• [TASK ITEM]:
Copy out the lines of the records below, and only those lines, from the one with "Oil refinery from" through the one with "with Care Labels", exactly as they appear.

***** DATA SUPPLIED

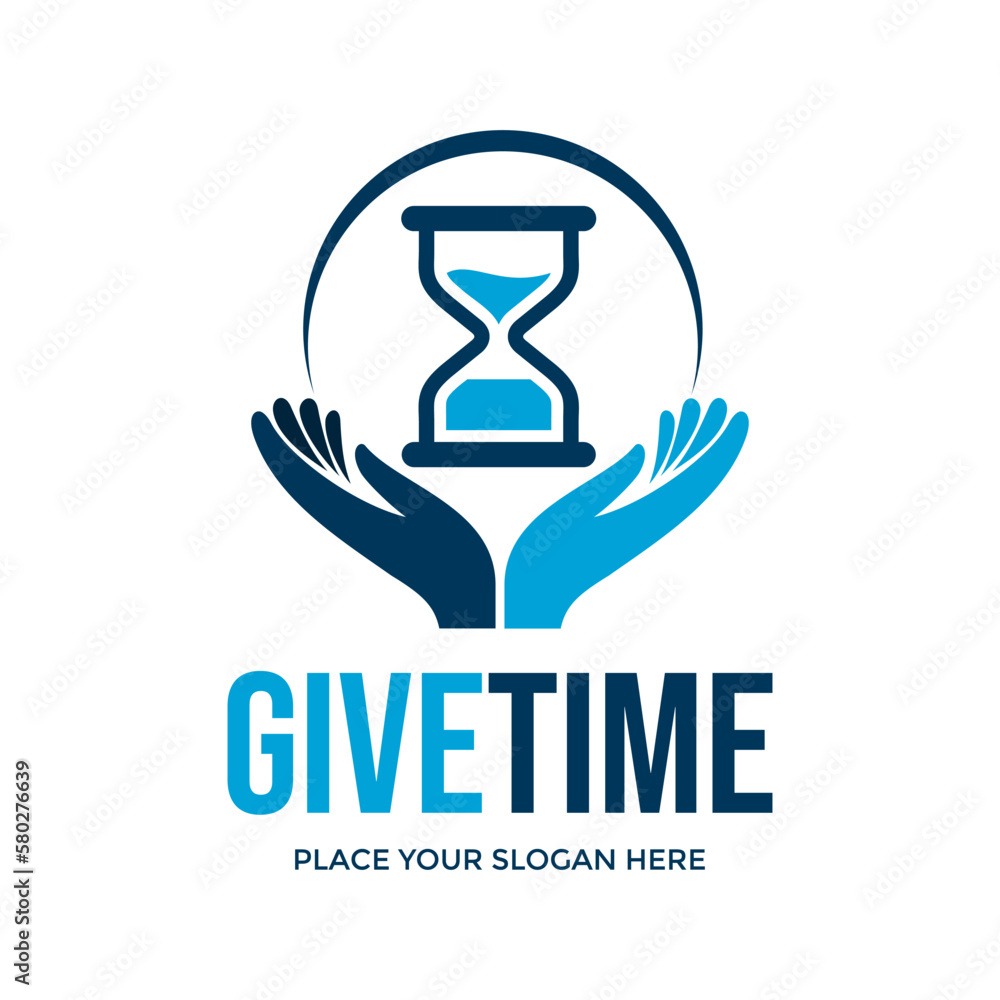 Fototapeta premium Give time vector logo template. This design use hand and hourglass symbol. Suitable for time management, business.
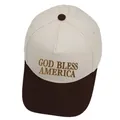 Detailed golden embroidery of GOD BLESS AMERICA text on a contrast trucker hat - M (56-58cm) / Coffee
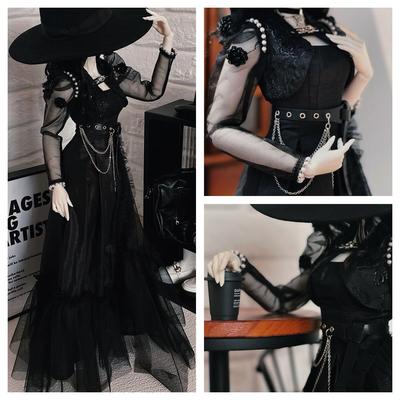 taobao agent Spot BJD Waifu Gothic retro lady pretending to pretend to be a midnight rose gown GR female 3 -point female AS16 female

**********
***** DATA SUPPLIED

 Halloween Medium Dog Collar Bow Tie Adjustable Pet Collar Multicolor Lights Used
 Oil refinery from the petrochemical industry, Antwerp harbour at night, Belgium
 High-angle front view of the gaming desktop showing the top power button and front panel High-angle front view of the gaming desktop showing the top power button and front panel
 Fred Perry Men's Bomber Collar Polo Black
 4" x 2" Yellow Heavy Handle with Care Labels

**********
***** DATA SUPPLIED

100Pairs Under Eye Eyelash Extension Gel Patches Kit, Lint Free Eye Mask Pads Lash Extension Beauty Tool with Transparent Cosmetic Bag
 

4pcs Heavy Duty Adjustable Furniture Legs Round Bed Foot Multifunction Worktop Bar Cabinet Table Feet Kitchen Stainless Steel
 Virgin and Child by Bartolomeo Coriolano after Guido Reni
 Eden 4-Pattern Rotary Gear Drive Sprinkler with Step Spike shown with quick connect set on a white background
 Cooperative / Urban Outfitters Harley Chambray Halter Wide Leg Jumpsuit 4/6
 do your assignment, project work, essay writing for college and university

**********

• [ANSWER SPACE]:
 Oil refinery from the petrochemical industry, Antwerp harbour at night, Belgium
 High-angle front view of the gaming desktop showing the top power button and front panel High-angle front view of the gaming desktop showing the top power button and front panel
 Fred Perry Men's Bomber Collar Polo Black
 4" x 2" Yellow Heavy Handle with Care Labels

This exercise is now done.